A practical detail that compounds into significant savings.

Long system prompts — your CLAUDE.md, your KNOWLEDGE.md, your contract index — can be cached by the model provider. The first call pays full price; subsequent calls within the cache window pay a fraction. For a well-structured project where the same context is loaded every session, caching is the difference between expensive and affordable at scale.

The implication: putting more into a well-structured system prompt is often cheaper than loading it piecemeal, because it’s cached once and reused many times. The architecture of your project instructions is also a cost architecture.

The Through-Line

Read the list again. Context management is a file organization problem. RAG is a search problem. Tool use is an API design problem. Structured outputs are a schema problem. Agentic loops are a workflow design problem. Evals are a testing problem.

Every AI concept, when it touches real code, becomes a software engineering problem. The developers who will get the most out of AI-assisted development are not the ones who understand transformers best. They’re the ones who can recognize which software problem each AI concept reduces to, and then solve that problem well.
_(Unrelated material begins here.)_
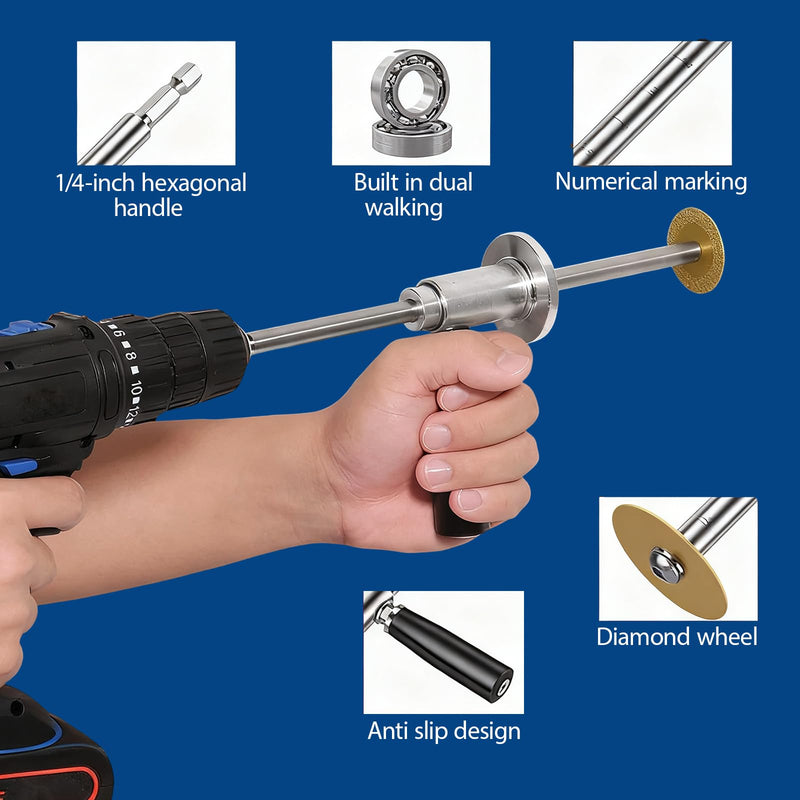 Inside Pipe Cutter for PVC Pipe Cutter, 7 Inch PVC Pipe Cutter Adjustable Cut Depth, with Handle and 4 Diamond Grit Cutting Wheel, 1/4in Hex Shank Fit for Impact Drivers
That’s what this series is about.

How to Read It

The articles are mostly self-contained. You can read them in order or jump to the topic you’re facing.

A few landmarks:

If you’re starting a new AI-assisted project: 001 (instructions), 003 (framework prompt), 013 (directory layout)

If you want less LLM dependency: 011 (NLP contracts), 012 (code for machines), 014 (dar inspect)

If you’re building AI tooling over a framework: 017 (adapter pattern), 018 (write tools), 014 (inspect layer)

If you want AI-verifiable apps: 009 (AI-testable design), 010 (DSL layer), 015 (PageDef autofill)

All code examples are from DarJS. The patterns transfer to any framework that takes itself seriously enough to be worth wrapping.